I will attempt to answer below questions and spin v6 based on your guidance.
> From: Greg KH <gregkh@...uxfoundation.org>
> Sent: Thursday, May 30, 2024 8:21 PM
>
> On Wed, May 29, 2024 at 09:19:13AM +0300, Shay Drori wrote:
> >
> >
> > On 28/05/2024 20:57, Greg KH wrote:
> > > External email: Use caution opening links or attachments
> > >
> > >
> > > On Tue, May 28, 2024 at 12:11:42PM +0300, Shay Drory wrote:
> > > > Today, PCI PFs and VFs, which are anchored on the PCI bus, display
> > > > their IRQ information in the <pci_device>/msi_irqs/<irq_num> sysfs
> > > > files. PCI subfunctions (SFs) are similar to PFs and VFs and these
> > > > SFs are anchored on the auxiliary bus. However, these PCI SFs lack
> > > > such IRQ information on the auxiliary bus, leaving users without
> > > > visibility into which IRQs are used by the SFs. This absence makes
> > > > it impossible to debug situations and to understand the source of
> > > > interrupts/SFs for performance tuning and debug.
> > >
> > > Wait, again, this feels wrong. You should be able to walk back up
> > > the tree see the irq for the device, and vf, right? Why would the
> > > value be different down in the aux device?
> >
> >
> > you are correct, the IRQs of the aux device are subset of the IRQs of
> > the parent device. more detailed answer bellow.
>
> But isn't that already shown in /proc/interrupts? Why show it here as well?
>
Because /proc/interrupts cannot distinguish which irqs are for which SFs.
More below.
> > > Does the msi irq somehow not actually show anywhere for the real pci
> device in sysfs at all today?
> > >
> > > What does sysfs look like today exactly for this information?
> >
> >
> > The IRQ information of all the children SFs of a PF is found in the PF
> > device as one single list.
> > There is no sane way to distinguish which IRQ is used by which SFs.

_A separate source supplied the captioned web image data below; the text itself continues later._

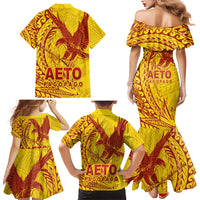 Samoa Pago Pago Aeto Family Matching Mermaid Dress and Hawaiian Shirt Wingstyle Red-Gold Color - Polynesian Pride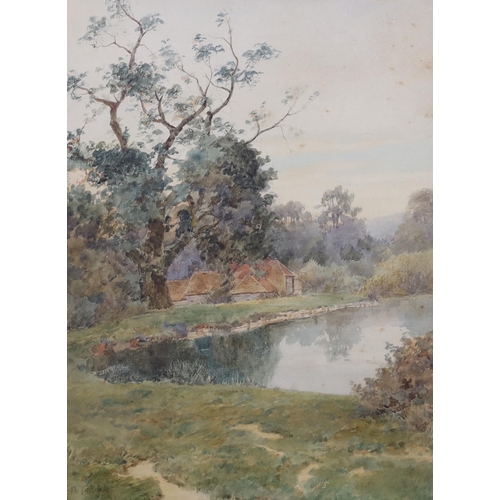 735 - Thomas Nicholson Tyndale (1858-1936), watercolour, Farmhouse beside a lake, signed, 26 x 20cm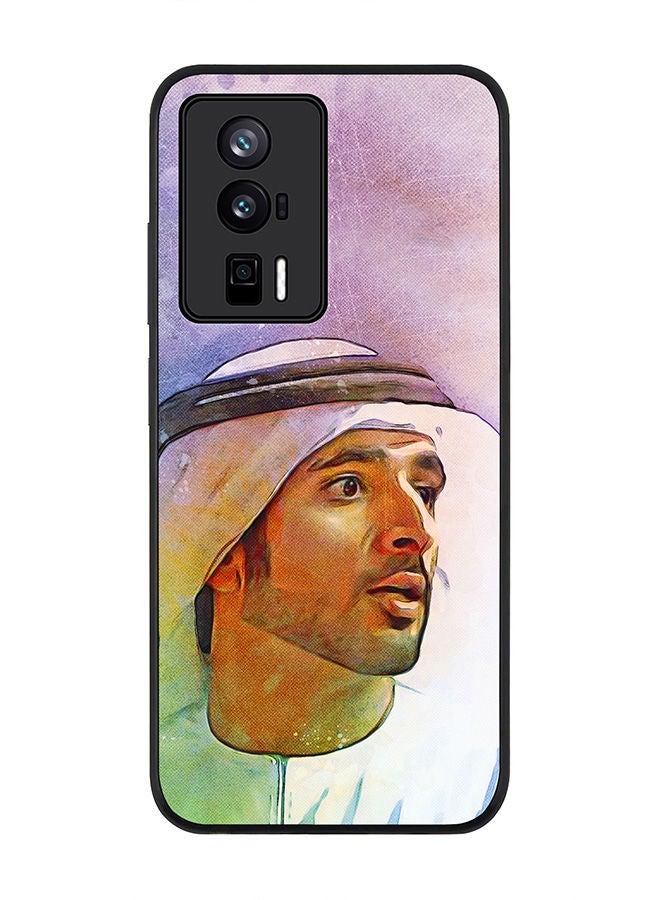 Stylizedd Rugged Black edge case for Xiaomi Poco F5 Pro 5G / Xiaomi Redmi K60 / Xiaomi Redmi K60 Pro Slim fit Soft Case Flexible Rubber Edges Anti Drop TPU Gel Thin Cover - Fazza Sheikh Hamdan - Image 1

> > For example, in a machine with a single child SF of the PF 00:0b.0 we
> > currently have the bellow:
> > $ ls /sys/bus/pci/devices/0000:00:0b.0/msi_irqs/
> > 41 42 43 44 45 46 47 48 49 50 51 52 53 54 55 56 57 58
> >
> > the above are IRQs of both the PF and its child SF. from here we
> > cannot tell which IRQ is used by the child SF.
>
> Does that matter?
Yes it matters. A user needs to see if a given IRQ is for SF or a PF and if it is for SF, is it for which SF.
It needs to know this to set/modify the irq affinity via /proc/irq/<irq_num>/affinity_files.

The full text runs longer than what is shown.